You definitely see hints of your liberal education pop up throughout A Golden Fury. You have multiple references, for instance, to Rousseau and to Latin. Are there other ways you think your education may have helped to inform your writing?
To write historical fantasy you have to do a lot of research. The ability to engage with primary texts and get into the mind of a thinker from a different time, with a different worldview, is important if you want to write in a way that doesn’t end up being anachronistic, as historical fiction is prone to do. Reading primary sources and really getting into the minds of those writers in that time and seeing the coherence of their worldviews — rather than just judging them from a modern perspective — helps me to write better historical fiction.
Theosebeia says that her mother valued alchemy “for its own sake,” which is reminiscent of how liberal education values knowledge for its own sake.
That’s a direct parallel — she’s talking about valuing alchemy for its own sake rather than the utility of it, which is how Thomas Aquinas College thinks about education. So, yes, I absolutely had that in mind when I wrote that line.
A Golden Fury is written for a broad audience, and it never claims to be a Christian book, but there are some Christian themes in here — human dignity, natural law, the meaning of parenthood, and even small hints about chastity. How would you explain that?
Wasn’t it C.S. Lewis who said that we don’t need Christian books, we need Christian writers, or that we don’t need Christian art, we need Christian artists? If you are a Christian, then what you believe and the values you are formed in will be expressed no matter what you are doing.
I am not writing Christian books; I am not writing for a Christian ghetto. I’m certainly not marketing these books as Christian, because they are not. There is nothing evangelical about them. But they are products of my mind and my heart, and if you weren’t able to catch glimpses of how I have been formed as a Christian, then I would be pretty worried about my formation, because that has to come out. A book is an expression of its creator.
The story itself is largely secular, but you do have one character who is a practicing Catholic.
I do, and he is the best one! Dominic is the only unambiguously good character in the whole book, and I do have a moment where he is in confession, and Thea is thinking about what that means, to be able to confess, and how much she does not have that in her life. If you don’t have anyone to ask forgiveness from, then there isn’t any humility in your worldview — and there isn’t for Thea. She and her mother don’t have any limits on their aspirations. They don’t acknowledge any priests but themselves, and so they don’t really have any way to ask for forgiveness.
Tell us a little bit about your next book.
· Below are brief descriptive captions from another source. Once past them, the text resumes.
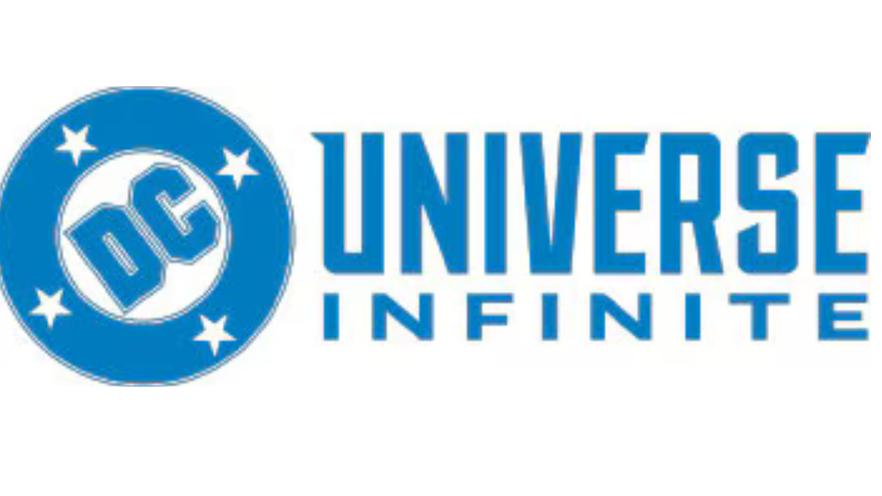 DC Universe Infinite: l'app per leggere fumetti in digitale è arrivata anche in Italia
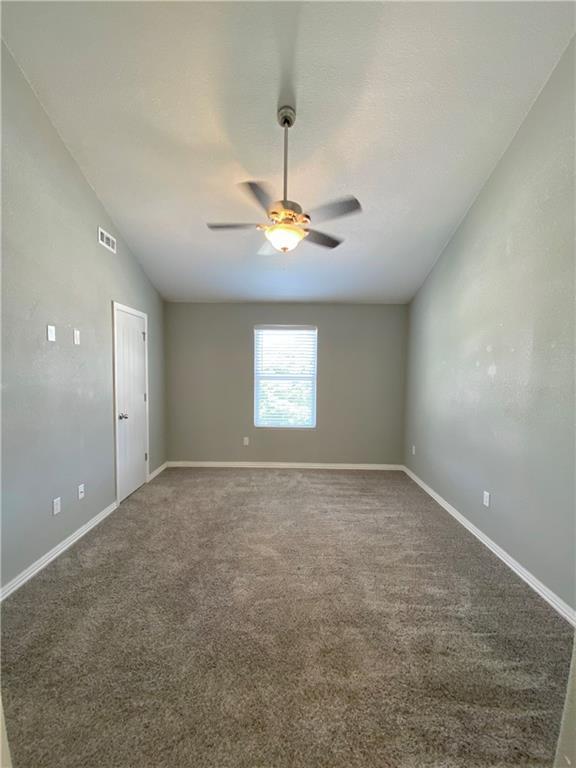 Building Photo - 133 S Pinyon Point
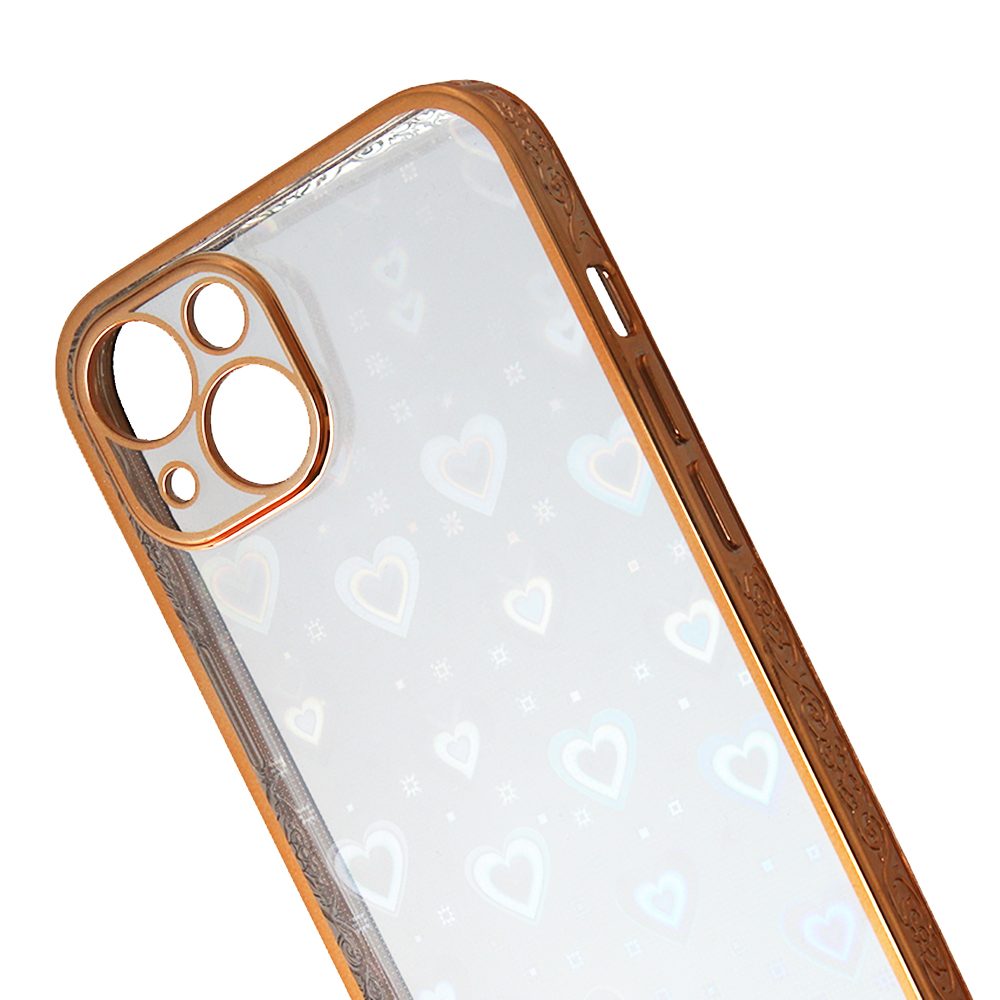 samsung-galaxy-s22-5g-blink-2in1-hatlap-tok-arany_2.jpg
It’s called Bright Ruined Things, and it’s another historical fantasy stand-alone. Let me see if I can give you the pitch: It’s a retelling of The Tempest, but more like The Tempest meets The Great Gatsby — set in a glittering 1920s world. It’s about the powerful Prosper family, which controls a magical island, and its teenage ward, Mae, who tries to seize the magic that has always been denied her. It’s coming out in the fall of 2021.